Tutorial 4: Creating custom datasets#

MOABB provides several ways to integrate a custom dataset, depending on the format of your data:

  1. BaseDataset — for datasets with arbitrary file formats. Requires implementing data downloading and file reading.

  2. BaseBIDSDataset / LocalBIDSDataset — for datasets already provided in BIDS format. BaseBIDSDataset is used for online datasets (only the download step needs to be implemented); LocalBIDSDataset is used for local or private datasets with no subclassing required at all.

BIDS is the preferred format for new datasets in MOABB.

This tutorial illustrates both approaches.

# Authors: Pedro L. C. Rodrigues, Sylvain Chevallier
#
# https://github.com/plcrodrigues/Workshop-MOABB-BCI-Graz-2019

import mne
import numpy as np
from pyriemann.classification import MDM
from pyriemann.estimation import Covariances
from scipy.io import loadmat, savemat
from sklearn.pipeline import make_pipeline

from moabb.datasets import download as dl
from moabb.datasets.base import BaseBIDSDataset, BaseDataset
from moabb.evaluations import WithinSessionEvaluation
from moabb.paradigms import LeftRightImagery

1. Creating a dataset class from scratch (BaseDataset)#

Creating some Data#

To illustrate the creation of a dataset class in MOABB, we first create an example dataset saved in .mat file.

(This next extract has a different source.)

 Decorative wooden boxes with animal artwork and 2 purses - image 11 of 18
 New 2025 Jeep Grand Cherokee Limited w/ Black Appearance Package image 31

It contains a single fake recording on 8 channels lasting for 150 seconds (sampling frequency 256 Hz). We have included the script that creates this dataset and have uploaded it online. The fake dataset is available on the Zenodo website

def create_example_dataset():
    """Create a fake example for a dataset."""
    sfreq = 256
    t_recording = 150
    t_trial = 1  # duration of a trial
    intertrial = 2  # time between end of a trial and the next one
    n_chan = 8

    x = np.zeros((n_chan + 1, t_recording * sfreq))  # electrodes + stimulus
    stim = np.zeros(t_recording * sfreq)
    t_offset = 1.0  # offset where the trials start
    n_trials = 40

    rep = np.linspace(0, 4 * t_trial, t_trial * sfreq)
    signal = np.sin(2 * np.pi / t_trial * rep)
    for n in range(n_trials):
        label = n % 2 + 1  # alternate between class 0 and class 1
        tn = int(t_offset * sfreq + n * (t_trial + intertrial) * sfreq)
        stim[tn] = label
        noise = 0.1 * np.random.randn(n_chan, len(signal))
        x[:-1, tn : (tn + t_trial * sfreq)] = label * signal + noise
    x[-1, :] = stim
    return x, sfreq


# Create the fake data
for subject in [1, 2, 3]:
    x, fs = create_example_dataset()
    filename = "subject_" + str(subject).zfill(2) + ".mat"
    mdict = {}
    mdict["x"] = x
    mdict["fs"] = fs
    savemat(filename, mdict)

Creating a Dataset Class#

We will create now a dataset class using the fake data simulated with the code from above. For this, we first need to import the right classes from MOABB:

  • dl is a very useful script that downloads automatically a dataset online if it is not yet available in the user’s computer. The script knows where to download the files because we create a global variable telling the URL where to fetch the data.

  • BaseDataset is the basic class that we overload to create our dataset.

The global variable with the dataset’s URL should specify an online repository where all the files are stored.

ExampleDataset_URL = "https://zenodo.org/records/14973598"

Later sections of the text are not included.